“From what I’ve seen across the state, the crop looks good. It’s well into bloom around Yuma and producing small bolls. In central and eastern Arizona, cotton is at match-head square. Many areas are seeing their first in-season irrigations. That’s after nice winter moisture. Irrigation will produce weeds, so growers need to be timely with herbicide applications. They need to make sure those herbicides control glyphosate-resistant pigweed because Roundup won’t.
“The wet winter created localized insect pressure. Increased desert vegetation is a host to false chinch bug issues, striped flea beetle and other insects. Growers are treating edges of fields, where insects are leaving mustard weeds for cotton fields. I lost a trial to false chinch bugs. They walked right through it.”
Chuck Wilbur, Independent Crop Consultant, Wellington, Texas/Southeastern Panhandle/Southwestern Oklahoma:
“We finally caught good rains in the 1- to 1.5-inch range. Now we need more heat units after cool weather these past few weeks. Cotton varies in growth, and there have been many replants. The best cotton I’ve seen is just north of Quail. It was planted about April 24 and is now at 3-leaf. I’m hoping last weekend’s thunderstorms and strong wind didn’t hurt it.
“There is better seed quality this year. With this cool weather, fungicide seed treatments are a good insurance policy. Insecticide treatments should help with thrips, which haven’t caused problems so far. Growers are doing a good job managing weeds. They’ve stayed on top of them. Many growers planted into cover crops, which also helps control weeds.
“If we get the heat, this could still be a good crop. Peanuts look good across Collingsworth County. We just need warm temperatures for everything.”
Kyle Aljoe, Crop Quest Consulting, Dimmitt, Texas:
“It’s cold today (5/25) in the low 60s. That’s not helping the cotton. Most irrigated is up. It emerged in 8 days, but took 2 weeks to make a good stand. Guys are dry-planting dryland cotton.
“Weed control remains steady, but thrips are heavy. I scouted one field that didn’t have treated seed. We’re about to hit it with our second insecticide application.
“We’re applying layby herbicide treatments to corn, which looks good. Our problem is with low groundwater sources. We have to equip sprinklers with smaller nozzles. It’s a challenge to get the right pressure needed for sufficient irrigation. Wheat for grain looks good, but yields may suffer because we have to stretch irrigation to help get the corn up.”

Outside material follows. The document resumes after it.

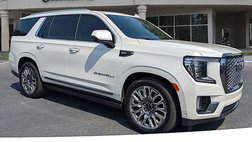 2024 GMC Yukon Denali Ultimate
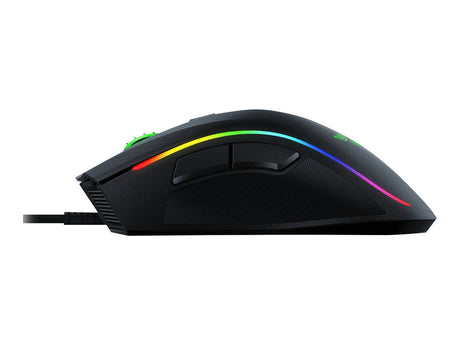 Razer Mamba Elite - Sort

Haley Kennedy, Texas A&M AgriLife Extension IPM Agent, Runnels, Tom Green & Concho Counties:
“Parts of the Concho Valley received heavy hail damage last Thursday (5/21). Corn, sorghum, and emerging cotton were hit hard. Damage was mostly in the Tom Green County area around Wall and Veribest, two key irrigated production areas.
“All of that hail followed high winds in mid-May that heavily damaged a new gin under construction in Mereta. Growers and officials in the Lone Star Farmers Coop are still assessing the damage.
“Fortunately, we received rain during the recent storms which will benefit dryland cotton. Guys were waiting on moisture and were about ready to dry-plant. It’s a little more promising now.
“Thrips were a problem in early cotton and required treatments. The rains slowed down our wheat harvest.”
Josh McGinty, Texas A&M AgriLife Extension Agronomist, Corpus Christi:
“I finally pulled out my mud boots last week. After being too dry, it rained the past 2 weekends, including 1.65 inches in the last round at the Corpus research station.
“We applied Pix last week and hope to get a second shot of PGR out this week to slow down growth. Most cotton is flowering and will see full bloom in a few days. We have enough soil moisture to carry us another 2 to 3 weeks. If we can catch 2 more good rains, we could see an above-average crop.
“Sorghum is responding well to the rain, but corn is in tough shape after suffering through the dry spell before the recent rains. But overall, things are looking up on the Coastal Bend.”